• Task details
Please restate each line of the data below exactly. Omit all images.

• Recorded data
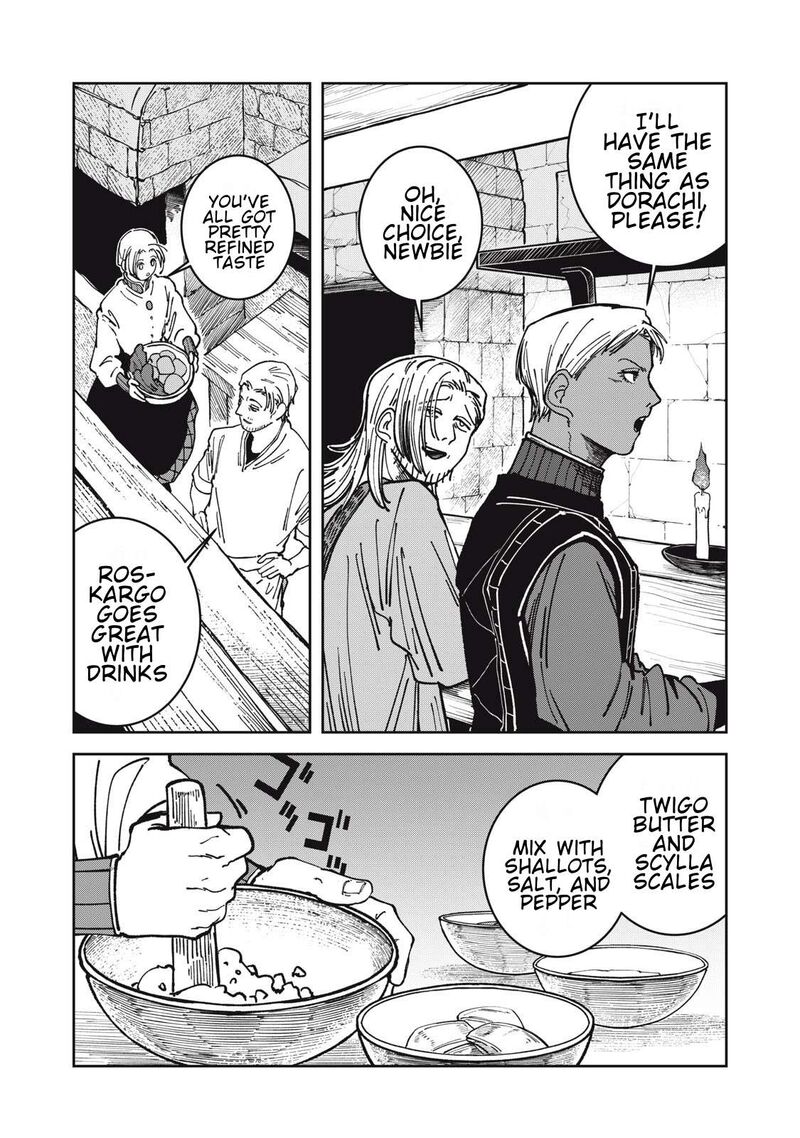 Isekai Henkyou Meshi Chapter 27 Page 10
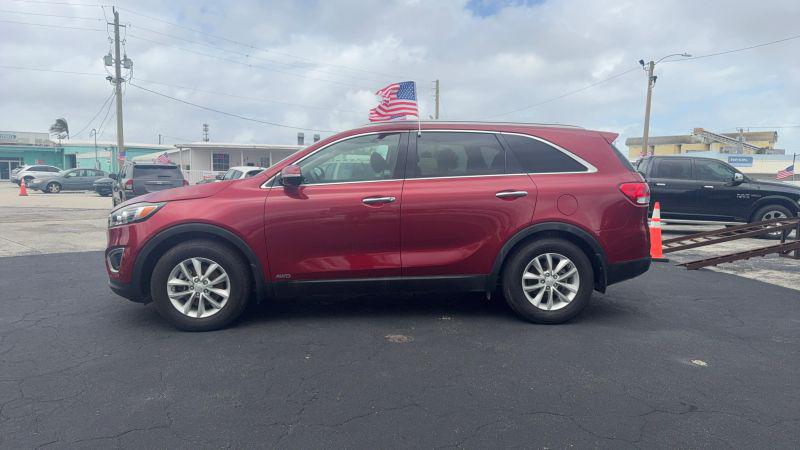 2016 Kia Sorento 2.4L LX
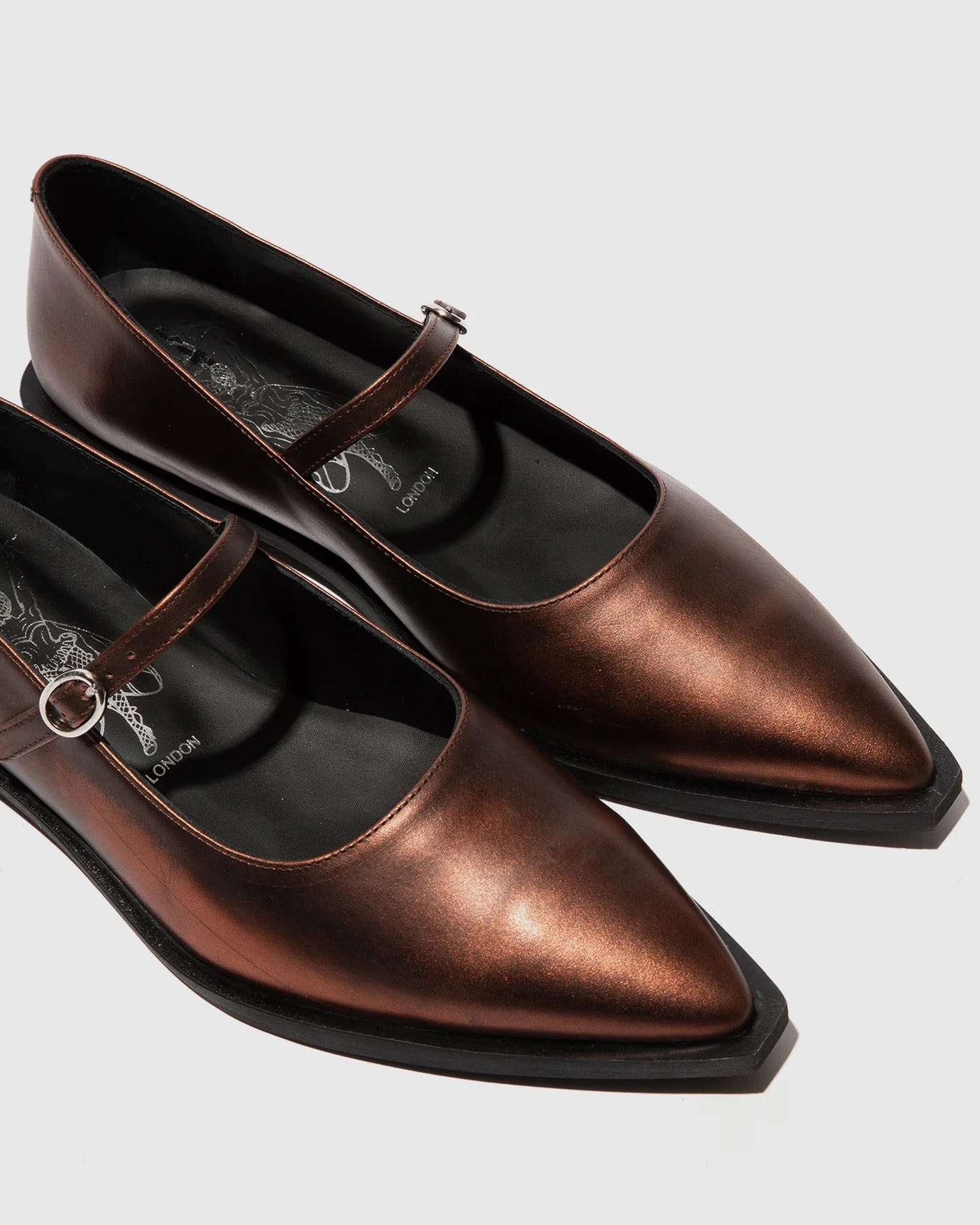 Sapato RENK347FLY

• Response
 Isekai Henkyou Meshi Chapter 27 Page 10
 2016 Kia Sorento 2.4L LX
 Sapato RENK347FLY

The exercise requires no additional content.